Jiang Ruowei, Kezele Irina, Levinshtein Alex, Flament Frederic, Zhang Jingyi, Elmoznino Eric, Ma Junwei, Ma He, Coquide Jerome, Arcin Vincent, Omoyuri Esohe, Aarabi Parham
ModiFace - A L'Oréal Group Company, Toronto, Canada.
L'Oréal Research and Innovation, Clichy, France.
Int J Cosmet Sci. 2019 Feb;41(1):67-78. doi: 10.1111/ics.12512.
To develop an automatic system that grades the severity of facial signs through 'selfies' pictures taken by women of different ages and ethnics.
1140 women from three ethnics (African-American, Asian, Caucasian), of different ages (18-80 years old), took 'selfies' by high resolution smartphones cameras under different conditions of lighting or facial expressions.
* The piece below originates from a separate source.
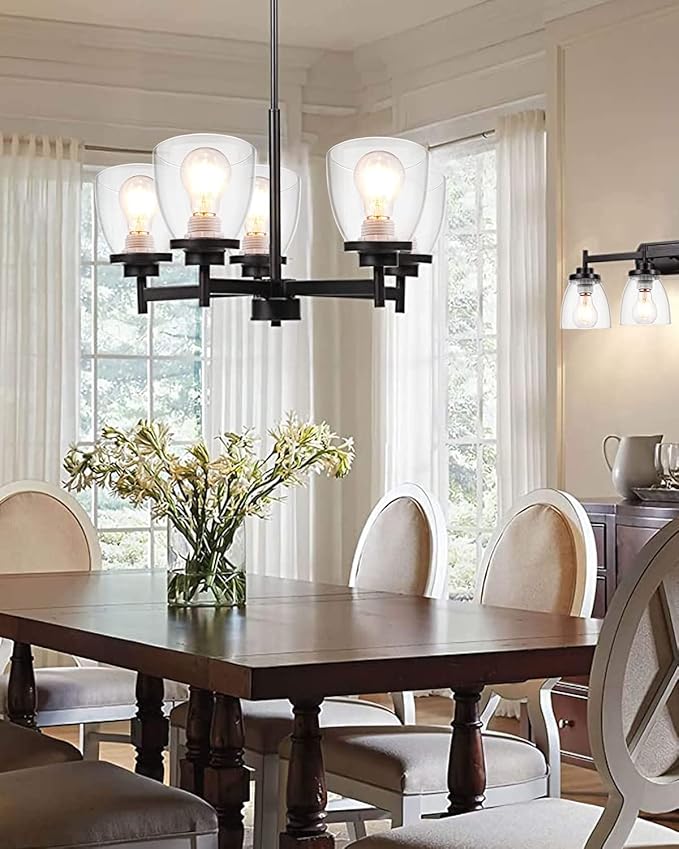 Eidonta 4 Pack Clear Glass Shade Replacements, Bell Shaped Glass Shade Covers - Image 5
A dedicated software, was developed, based on a Convolutional Neural Network (CNN) that integrates training data from referential Skin Aging Atlases. The latter allows to an immediate quantification of the severity of nine facial signs according to the ethnicity declared by the subject. These automatic grading were confronted to those assessed by 12 trained experts and dermatologists either on 'selfies' pictures or in live conditions on a smaller cohort of women.
The system appears weakly influenced by lighting conditions or facial expressions (coefficients of variations ranging 10-13% for most signs) and leads to global agreements with experts' assessments, even showing a better reproducibility on some facial signs.
This automatic scoring system, still in development, seems offering a new quantitative approach in the quantified description of facial signs, independent from human vision, in many applications, being individual, cosmetic oriented or dermatological with regard to the follow-up of medical anti-ageing corrective strategies.
开发一种自动系统,通过不同年龄和种族女性拍摄的“自拍”照片对面部体征的严重程度进行分级。
1140名来自三个种族(非裔美国人、亚洲人、白种人)、不同年龄(18 - 80岁)的女性,在不同光照条件或面部表情下,使用高分辨率智能手机摄像头拍摄“自拍”。基于卷积神经网络(CNN)开发了一款专用软件,该网络整合了来自参考皮肤老化图谱的训练数据。后者能够根据受试者申报的种族,立即对九种面部体征的严重程度进行量化。将这些自动分级结果与12名训练有素的专家和皮肤科医生在“自拍”照片上或在一小群女性的实际情况下评估的结果进行对比。
该系统似乎受光照条件或面部表情的影响较小(大多数体征的变异系数在10 - 13%之间),并与专家评估结果达成总体一致,甚至在某些面部体征上显示出更好的可重复性。
这种仍在开发中的自动评分系统,似乎在许多应用中,无论是针对个体、美容导向还是皮肤科领域中医疗抗老化矫正策略的随访,都能在不依赖人类视觉的情况下,对面部体征的量化描述提供一种新的定量方法。